We all know that in many industries decision-making has become increasingly data-driven over the last few decades. In this time, we’ve also seen a massive increase in the amount of data available to help inform these decisions. Visuals for decision-making are most powerful when they provide the all of the most relevant data in a format that is as simple as possible. KPI scorecards are often a good option for this goal. They typically provide a structure that allows for a high density of critical information, while keeping the visualizations themselves streamlined, predictable, and intuitive.
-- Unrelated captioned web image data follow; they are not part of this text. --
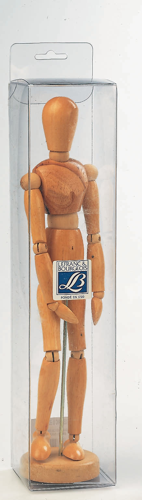 Lefranc Bourgeois Manichino Donna Altezza 30cm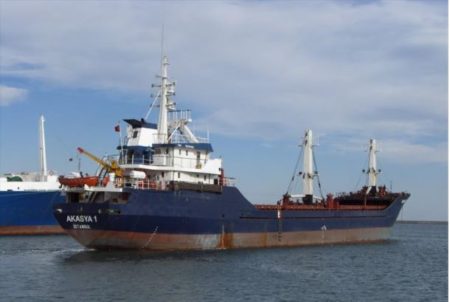 Carrette del Mare Alaska 1 Capitaneria porto Marina Carrara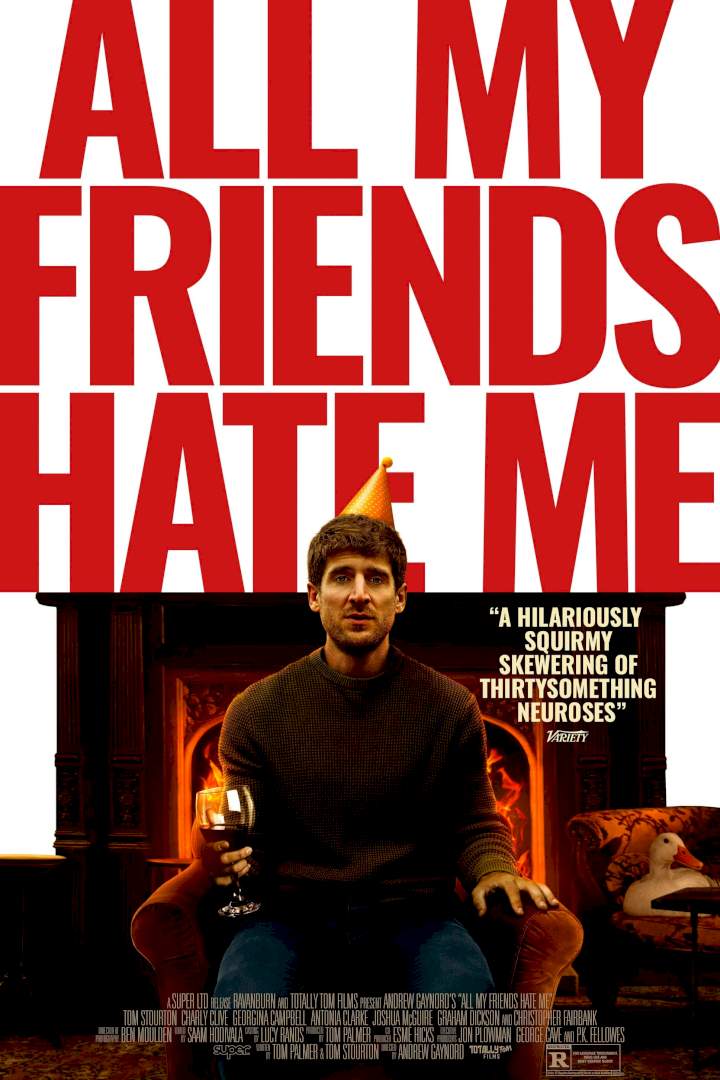 All My Friends Hate Me – Horror Movie 2022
Data discovery is the use of visualizations to aid in data analysis. It has become increasingly clear over the last decade that visuals are not simply for the purpose of displaying information to others, but for better understanding the data that you have gathered. Discovery-focused visuals should be dynamic, interlocking, and allow the analyst who will be using the visual to quickly move from insight to insight to get to answers and solutions. When designing for discovery, focus on maximizing ease of transition between complementary visualizations, and provide a streamlined user-experience for interactive options as much as possible.
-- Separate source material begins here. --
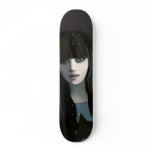 yips board skate deck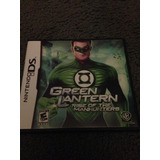 Jogo Usado Green Lantern Rise Of The Manhunters Nintendo Ds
Visuals for storytelling are critical for conveying insights that are based on complex analytics to those who are less quantitatively inclined, have less exposure to data, or simply are more interested in the big picture than the minutia of a particular data set or project. Used correctly, graphs and charts can bring your data to life, and add critical drama to the story you are trying to tell. Visuals for drama are also often the most difficult to make well. As Tufte and others stress in their work, when designing for storytelling, graphs should maximize the data displayed and minimize non-data (Tufte calls this the data-ink ratio). While it can often be tempting to add aesthetic bells and whistles to our visuals, these almost always have the effect of diminishing the story being told by the data. Remember: visually, less is more.
While there are many other topics to consider when designing data visuals, taking into consideration these “three Ds” can provide the initial guidance necessary for presenting data in a way that is effective, aesthetically-pleasing, and clear.